It could have been apocalyptic, a bang to set off a chain reaction of bangs that would shroud the world in a pall of radiation, poison the waters of Europe before leeching into the seas and oceans of the world. And yet, 32 years later it’s a tourist spot. Chernobyl is burned into the minds of people as a byword for disaster and as a child I was fascinated by what happened there. Even today it’s seen as a deadly place of silence and mutated creatures roaming the landscape. Having read a chunky history of the Chernobyl catastrophe, by Serhii Plokhii, there were so many missteps and calamities that it’s a minor miracle I’m able to type this and perhaps a bigger miracle that I was able to have lunch in the power plant’s canteen, just a few hundred metres away from where the explosion happened. Recently, a gleaming containment unit was slid into place, soaring above the old reactor and hastily assembled concrete sarcophagus that stopped the radiation completely escaping.

People know about the event itself in the broadest of terms, but often it is the people that lived around the plant who are forgotten, not to mention the hundreds of thousands of liquidators who worked tirelessly to lessen the effects of the disaster, potentially saving the world but subjecting themselves to personal catastrophes such as a lifetime of ill-health, or a swift but brutal death.

Reading Plokhii’s book, I saw a horrific image of the aftermath of the explosion. Chaos everywhere, chunks of radioactive graphite burning all around and people rapidly becoming sick. In a chain reaction, as one person got sick from the radiation, they’d struggle to tell someone coming in what had happened – perhaps also too terrified to even admit what they knew if they did know anything – and that new person would quickly get to work before they fell ill. Imagine that; it’d be like trying to evacuate a sinking ship while suffering from overwhelming sea sickness.
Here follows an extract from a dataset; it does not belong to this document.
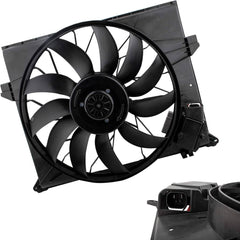 Electric Engine Radiator Cooling Fan Assembly 1645000093 Compatible With Mercedes Benz W164 W850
Booking a tour to the exclusion zone is easy; but to maintain the idea of danger, the tour company Go2Chernobyl plaster their website with radiation symbols and a strange promise to take you somewhere extreme, that’s also safe and comfortable. Which is true, I suppose, otherwise nearly 50,000 people wouldn’t have visited Pripyat in 2018. Hints that this isn’t a usual excursion come when you are required to book your trip in advance to obtain permits and the many email reminders that without passport details you won’t be allowed to enter the 30km exclusion and 10km exclusion zones.
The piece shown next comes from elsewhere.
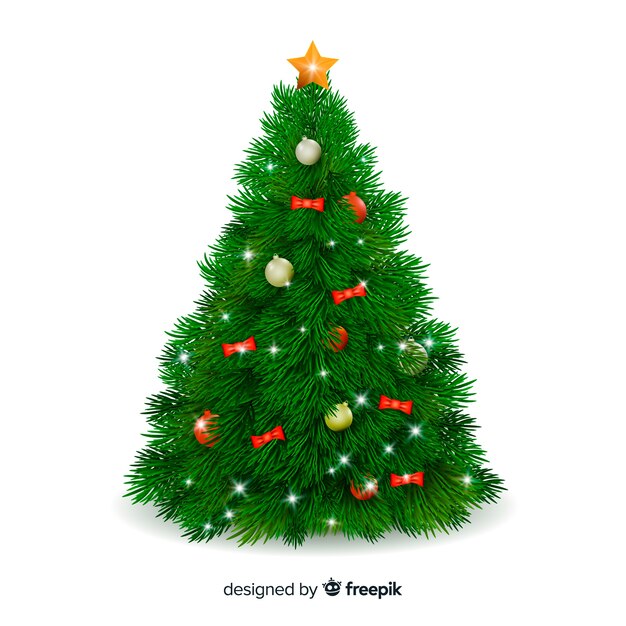 Conceito realista de árvore de Natal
We meet other intrepid adventurers on a gloomy day by Kiev central train station. Nobody makes much of an effort to talk to one another, though that makes sense. We’re not exactly going bungee jumping. While we wait to go, we’re asked if we want to hire dosimeters but we choose not to. Some tours offer this and make the machines look rather scary, but I stick to the belief that this is just a money-making ploy; it’s safe enough to visit, so when the machine beeps a bit, it’s not going to reach a figure that’s meaningful. I absorbed more radiation in my flight to Kiev from London than spending a day near the power plant and you don’t find the air stewards shoving dosimeters in your face the whole time. An idea for Ryanair, there.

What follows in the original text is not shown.